# PROBLEM TO WORK ON:
In the records below, find the line that contains "Hey guys, it's" and the line that contains "Hello all, welcome", then retype exactly those two lines and every line between them.

# SUPPLIED ENTRIES:
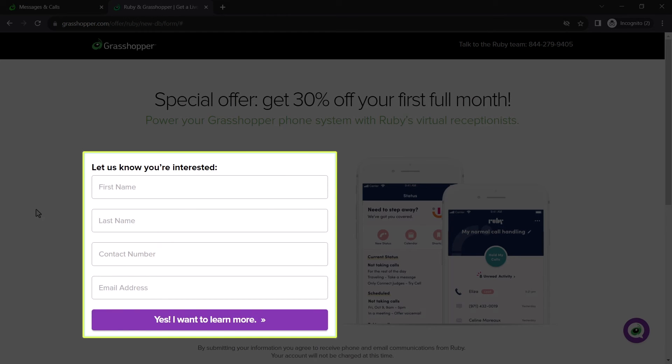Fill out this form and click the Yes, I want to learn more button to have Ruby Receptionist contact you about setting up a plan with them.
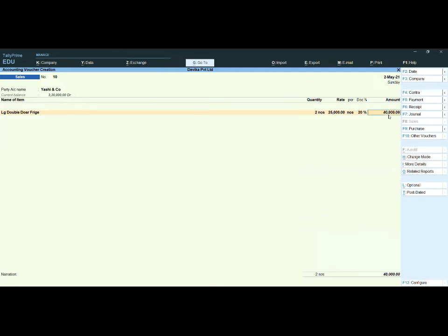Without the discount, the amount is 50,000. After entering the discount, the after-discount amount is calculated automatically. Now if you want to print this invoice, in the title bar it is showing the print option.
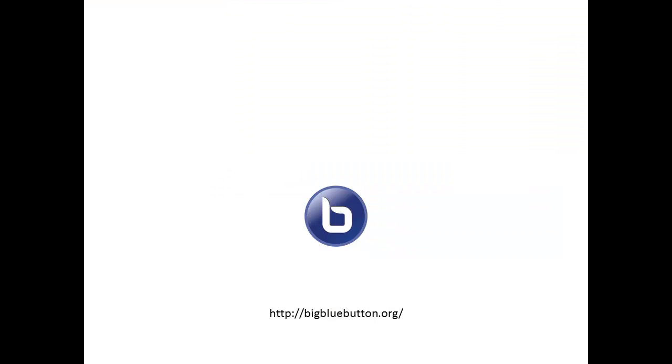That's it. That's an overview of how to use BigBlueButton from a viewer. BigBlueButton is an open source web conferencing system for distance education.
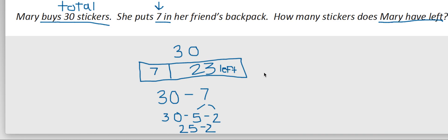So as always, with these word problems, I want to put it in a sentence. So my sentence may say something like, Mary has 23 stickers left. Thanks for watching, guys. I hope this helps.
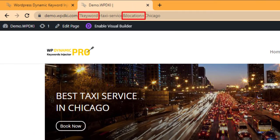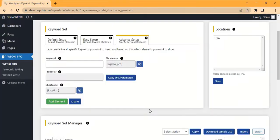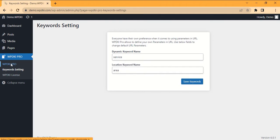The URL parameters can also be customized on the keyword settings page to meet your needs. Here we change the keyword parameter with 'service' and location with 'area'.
...
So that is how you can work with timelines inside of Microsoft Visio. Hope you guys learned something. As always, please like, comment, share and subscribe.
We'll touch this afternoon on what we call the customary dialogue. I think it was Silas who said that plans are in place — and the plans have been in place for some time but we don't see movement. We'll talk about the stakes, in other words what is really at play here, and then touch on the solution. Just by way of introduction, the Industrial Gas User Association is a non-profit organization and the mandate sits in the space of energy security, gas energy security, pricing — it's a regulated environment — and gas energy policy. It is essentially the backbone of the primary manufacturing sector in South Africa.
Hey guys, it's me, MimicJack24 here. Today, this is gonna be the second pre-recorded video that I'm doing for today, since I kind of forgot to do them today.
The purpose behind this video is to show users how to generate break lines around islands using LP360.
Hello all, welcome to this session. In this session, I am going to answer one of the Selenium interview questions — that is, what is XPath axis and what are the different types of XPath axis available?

# WRITTEN SOLUTION:
Hey guys, it's me, MimicJack24 here. Today, this is gonna be the second pre-recorded video that I'm doing for today, since I kind of forgot to do them today.
The purpose behind this video is to show users how to generate break lines around islands using LP360.
Hello all, welcome to this session. In this session, I am going to answer one of the Selenium interview questions — that is, what is XPath axis and what are the different types of XPath axis available?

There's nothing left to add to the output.